Did you make the change on the ASA or the local file? If the ASA, wait for the second attempt as the first attempt is used to update the profile. If made local to the client only, this will be updated back to the old setting after a connection.

Also, try removing the cert matching rules. Do you have more than 1 client certificate in your user store that matches the rules?

chrisolson79 · ‎02-16-2017

change was made on the asa and I did try logging out and back in a few times. I removed the matching rules and it made no difference. Only one cert is matching but users still have to hit OK to accept it every time. I've read through the setup guide a few times and read several post on the subject. Everything looks correct as far as I can tell.

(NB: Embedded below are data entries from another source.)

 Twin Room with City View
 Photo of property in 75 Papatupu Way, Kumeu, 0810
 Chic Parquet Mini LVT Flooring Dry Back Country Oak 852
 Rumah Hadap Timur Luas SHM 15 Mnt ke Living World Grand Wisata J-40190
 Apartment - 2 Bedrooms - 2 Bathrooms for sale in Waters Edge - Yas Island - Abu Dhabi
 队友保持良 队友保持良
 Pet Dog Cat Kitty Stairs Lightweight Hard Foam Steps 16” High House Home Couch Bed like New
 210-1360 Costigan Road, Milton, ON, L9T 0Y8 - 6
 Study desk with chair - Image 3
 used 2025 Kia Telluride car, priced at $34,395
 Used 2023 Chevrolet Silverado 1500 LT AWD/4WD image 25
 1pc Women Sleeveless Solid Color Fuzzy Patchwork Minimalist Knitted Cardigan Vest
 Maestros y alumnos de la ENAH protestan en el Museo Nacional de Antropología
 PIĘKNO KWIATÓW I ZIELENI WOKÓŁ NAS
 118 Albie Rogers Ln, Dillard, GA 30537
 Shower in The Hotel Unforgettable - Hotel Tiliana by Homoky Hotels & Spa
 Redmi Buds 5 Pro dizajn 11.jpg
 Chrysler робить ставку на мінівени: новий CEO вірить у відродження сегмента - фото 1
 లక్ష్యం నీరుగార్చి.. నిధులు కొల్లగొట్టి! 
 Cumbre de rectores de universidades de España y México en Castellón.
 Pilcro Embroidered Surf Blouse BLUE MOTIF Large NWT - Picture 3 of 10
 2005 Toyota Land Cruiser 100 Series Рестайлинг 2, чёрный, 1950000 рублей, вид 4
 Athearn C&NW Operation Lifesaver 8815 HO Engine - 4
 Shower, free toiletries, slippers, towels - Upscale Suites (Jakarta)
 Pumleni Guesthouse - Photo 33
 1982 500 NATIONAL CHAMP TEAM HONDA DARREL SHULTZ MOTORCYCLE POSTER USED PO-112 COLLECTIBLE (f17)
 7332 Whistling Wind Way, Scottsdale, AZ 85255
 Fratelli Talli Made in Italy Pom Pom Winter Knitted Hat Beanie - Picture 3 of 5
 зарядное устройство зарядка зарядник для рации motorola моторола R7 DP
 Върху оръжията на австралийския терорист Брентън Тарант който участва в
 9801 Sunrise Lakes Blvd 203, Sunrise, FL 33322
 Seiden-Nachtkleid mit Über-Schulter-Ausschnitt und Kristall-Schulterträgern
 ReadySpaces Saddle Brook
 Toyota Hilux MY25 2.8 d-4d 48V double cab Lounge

Rahul Govindan · ‎02-16-2017

Strange. So the client XML is updated from the ASA. Everything looks correct to me too. Do you have other profiles also in the same profile folder? The settings merge for the same host entry if multiple profiles exist. Also, are you choosing the entry from the dropdown or manually typing in the VPN FQDN?

chrisolson79 · ‎02-17-2017

No other policies in the folder. I am picking the entry from the drop down.

Rahul Govindan · ‎02-18-2017

This looks weird. I would collect the DART bundle after a connection attempt and read the "Anyconnect.txt" file to see if the profile is being used for the connection or not. If you can attach it here so that I can take a look.